The report findings are clear that both in the US and Europe, experienced VCs and entrepreneurs dramatically increase the chance of a successful exit. Thus, the difference in performance results between Europe and the US is essentially due to the fact that Europe’s venture sector developed later than the US’s and Europe’s smaller pool of repeat entrepreneurs. As the report’s conclusions highlight, this is something Europe’s venture and entrepreneurial community have been actively working to resolve in recent years. It’s also something that, assuming the current momentum continues, will naturally be resolved as time passes.
Myth #3: “There is a chronic stigma around failure which harms European entrepreneurs”
This is probably one of the most common memes about Europe and it’s overall appetite for entrepreneurship. In order to assess whether it’s true or not, the researchers took a look at the the fraction of VC-backed firms with one or more founders who founded a VC-backed venture in the past that did not have a successful exit (IPO or Trade Sale). What they found was that the percentage of ‘failure entrepreneurs’ who were getting financing was actually higher in Europe and the US. Again, the rationale behind this was not provided, but I think its probably safe to assume that having raised funding previously gives these ‘failure entrepreneurs’ a much better network within the venture community and makes them more adept at interacting and dealing with potential investors (pitching, negotiating, etc.)
The researchers did take a look as well to see if there were significant differences between European countries on the above factors and the answer was basically no.

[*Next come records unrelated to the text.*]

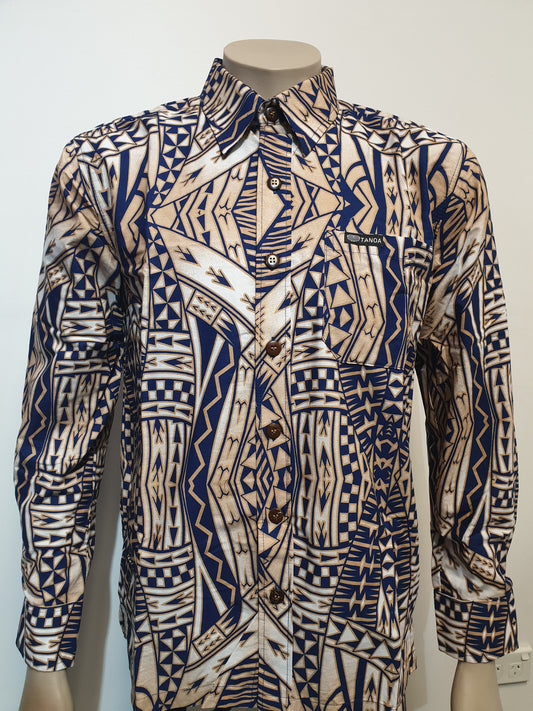 Tanoa Samoa Cotton Mens L/S Bula Shirt - SL1067-Navy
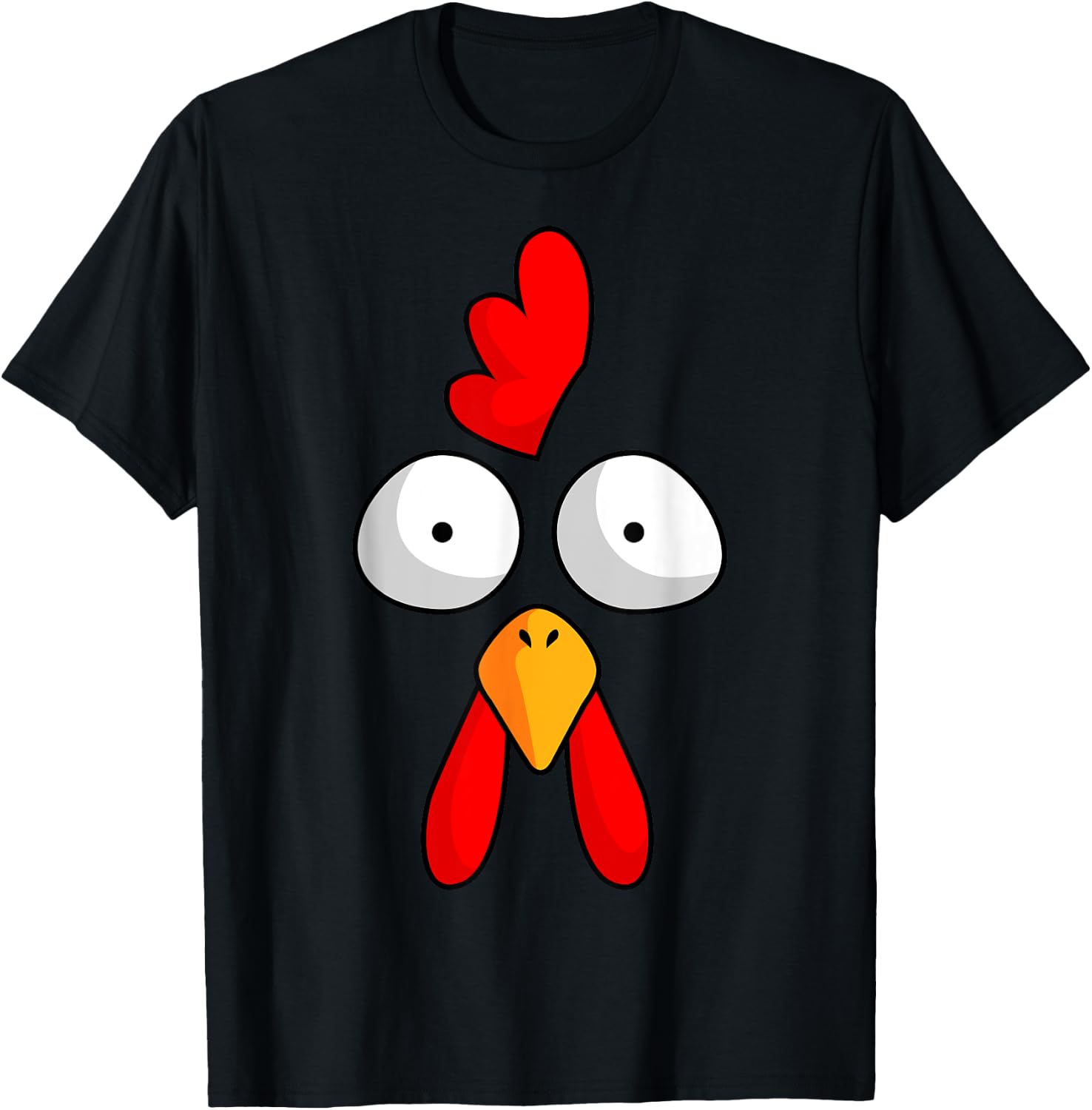Chicken Face Rooster Halloween Costume Farm Poultry T-Shirt - T-Shirt | Black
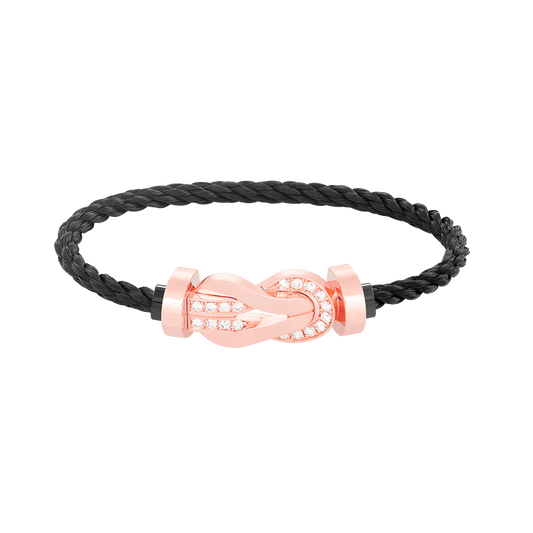 [Super CiCi ]CHANCE LARGE 8 FIGURE BUCKLE HALF DIAMOND BRACELET ROSE GOLD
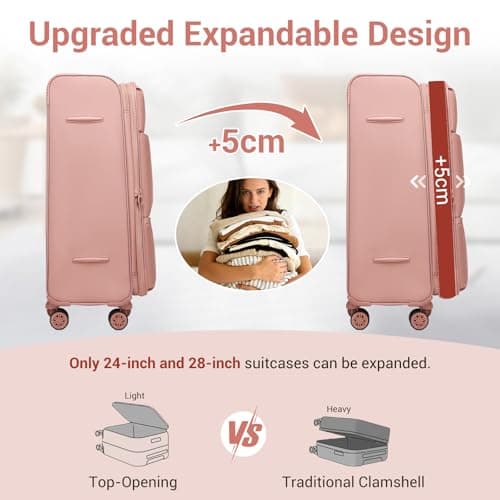 M Expandable 26" Medium Suitcase with 4 Spinner Wheels Lightweight Softside Hold Check in Luggage with TSA Lock, Pink — view 3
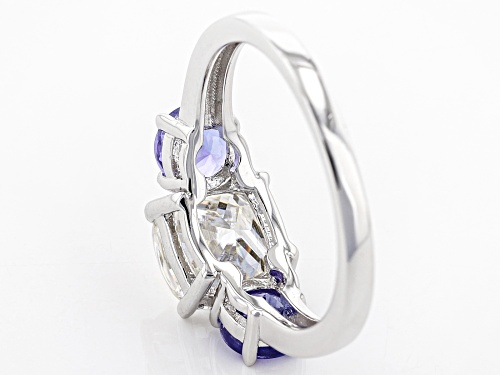 Moissanite Fire® 2.00ct Dew Cushion Cut And 1.04ctw Round Tanzanite Platineve™ Ring - Size 6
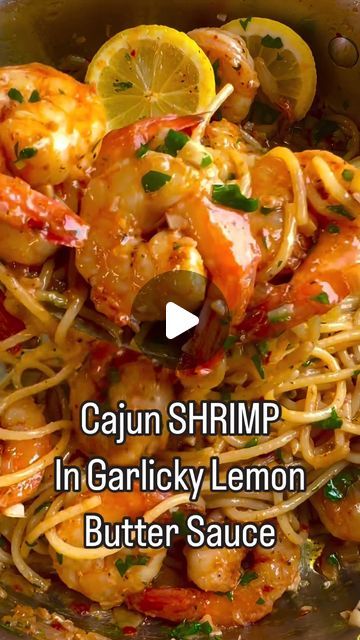 the video shows how to make shrimp and pasta in garlicy lemon butter sauce with garnish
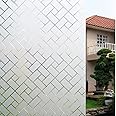 Bloss Privacy Window Film Decorative Window Film Frosted Window Decals Clear Glass Film Non-Adhesive for Home Office Glass 17.7Inch*6.5Feet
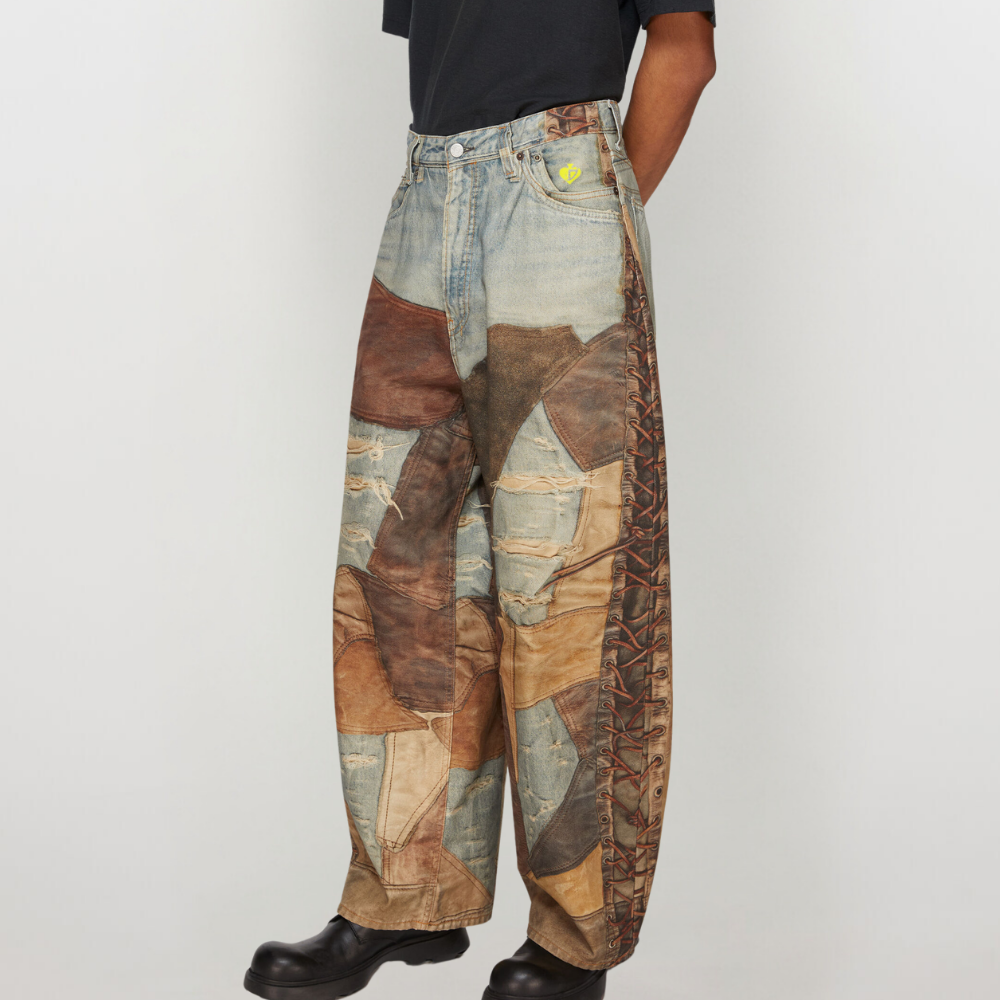DF |Digital Print Distressed Braided Rope Jeans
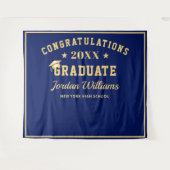 Moderner Navy Blue Abschluss Foto Stand Hintergrun Wandteppich (Vorderseite (Horizontal))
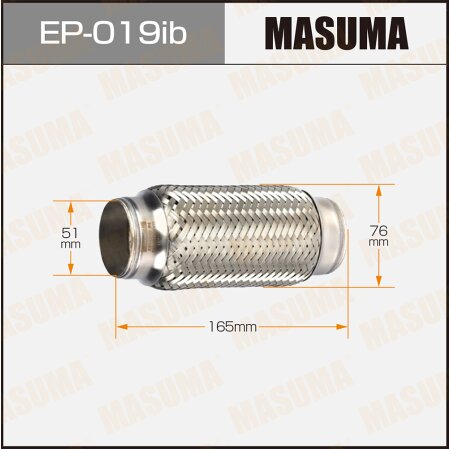 Flex pipe Masuma Innerbraid 51x165 heavy duty, EP-019ib
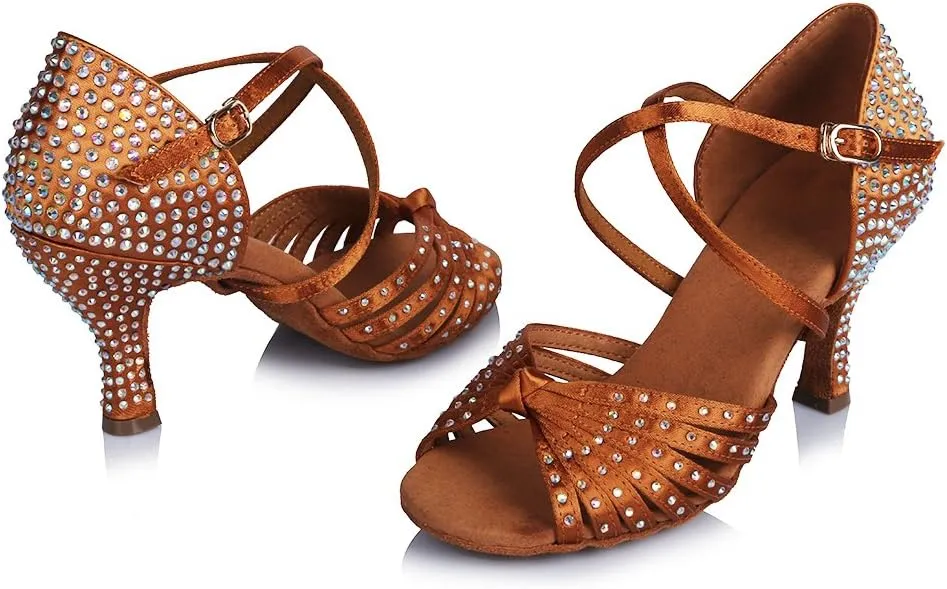 HROYL Women Latin Dance Shoes with Knot Rhinestones Salsa Bachata Cha Cha Ballroom Performence Dancing Shoes AF459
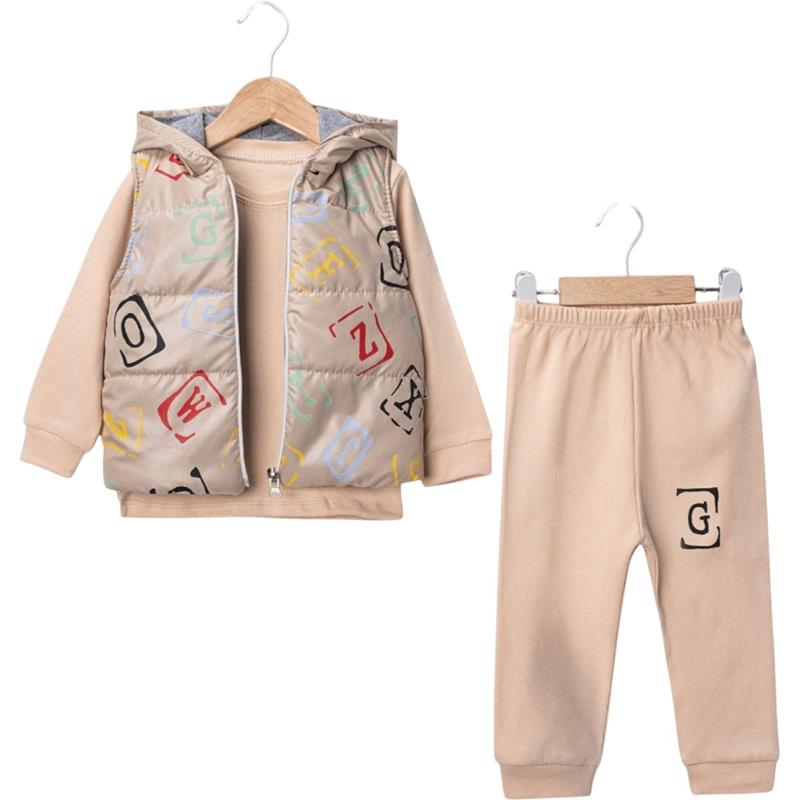25393 toptan 9-24 aylık erkek çocuklar için yelekli mevsimlik üç parçalı takım elbise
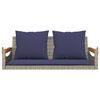 vidaXL Swing Bench with Cushions Grey 109x62x40 cm Poly Rattan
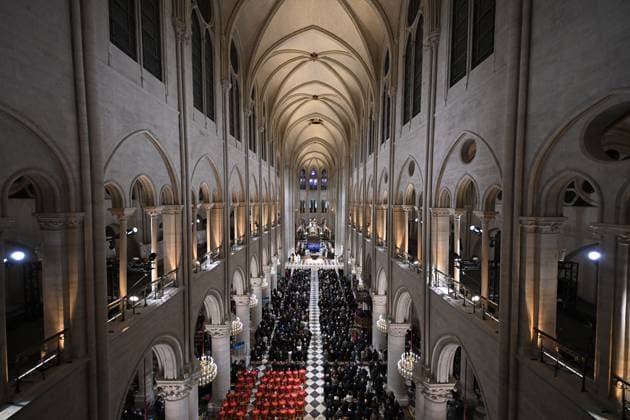 Bilder des Jahres 2024, News 12 Dezember News Themen der Woche KW49 News Bilder des Tages Cérémonie de réouverture de la cathédrale Notre Dame de Paris Atmosphere during the official reopening ceremony of Notre Dame Cathedral inside the cathedral in Paris, France on December 7, 2024, after more than five years of reconstruction work following the April 2019 fire Eliot Blondet Pool Bestimage Paris France  Copyright: xEliotxBlondetx xPoolx xBestimagexEliotxBlondetx xPoolx xBestimagex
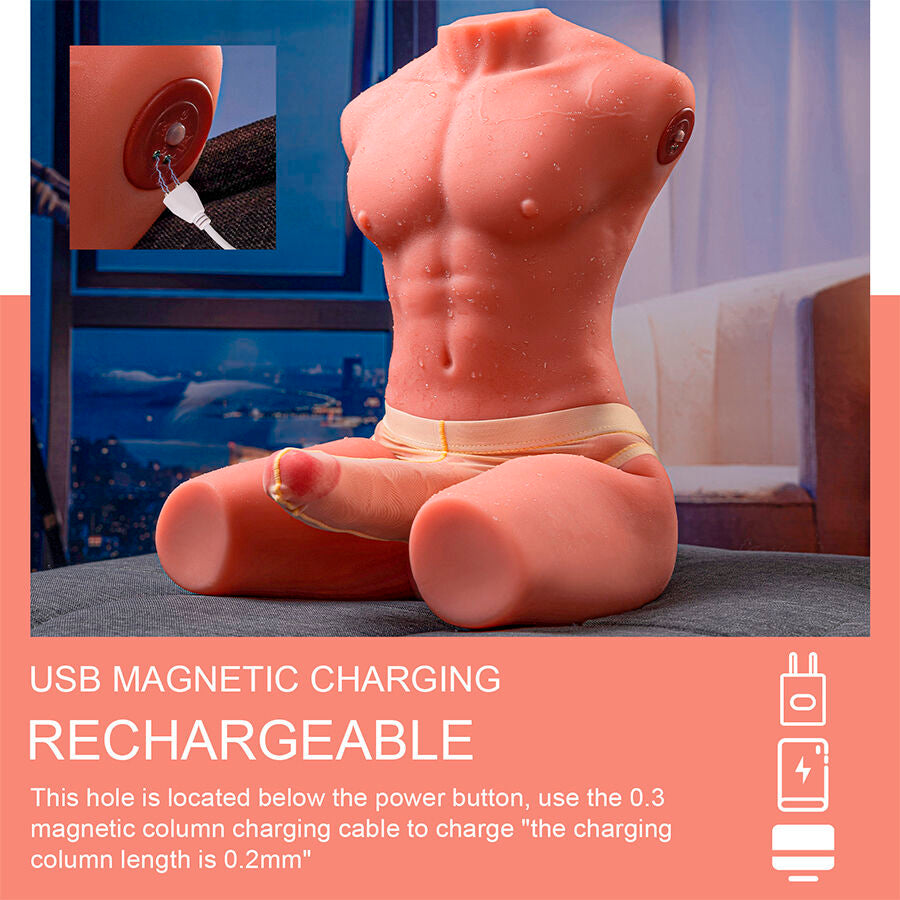 XISE - JASON MEZZO CORPO TORSO MASCHILE REALISTICO CON SPINTA E VIBRAZIONE 55 CM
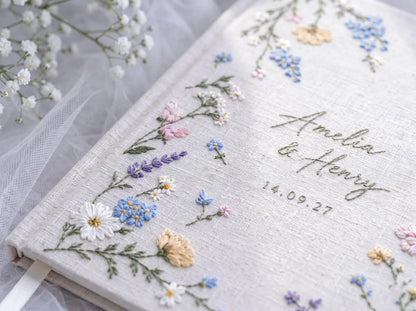 Custom Hand Embroidered Wildflower Wedding Guest Book, Pastel Floral Linen Photo Album, Personalized Memory Book, Bridal Keepsake Gift Idea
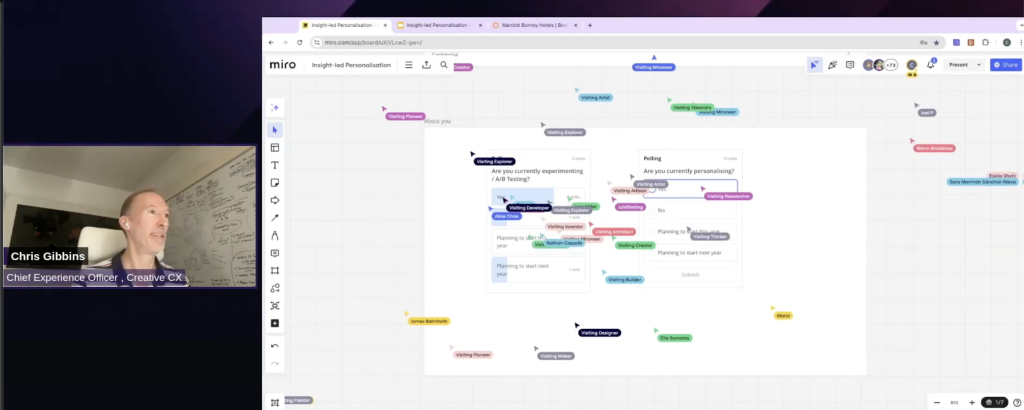 Screenshot of Chris Gibbins presenting during an online workshop, with multiple participant cursors visible on screen.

They did, however, find that the UK tends to do a bit better vs the median country in Europe in terms of success while Germany and Belenux a big worse, although Germany does do quite well when only examining IPOs.
When reporting on this study, the FT spoke with the CEO of France’s BlaBlaCar, Nicolas Brusson who’s raised two rounds of funding with French and UK VCs. Brusson says that the findings of the report definitely reflect his experience. He adds:
“Now we have access to the experience of people who have done it two to three times already and I think 10-15 years ago it was not the case in Europe.”
The FT also, rightly, points out that the European venture market is still much smaller than the US as in 2011, there were 343 active VCs investing $22.7bn, compared with 92 and investing $4.1bn in Europe. While the findings of the study are definitely encouraging, but this is a glaring difference that has to be narrowed if Europe wants to further improve the scale and performance of venture performance.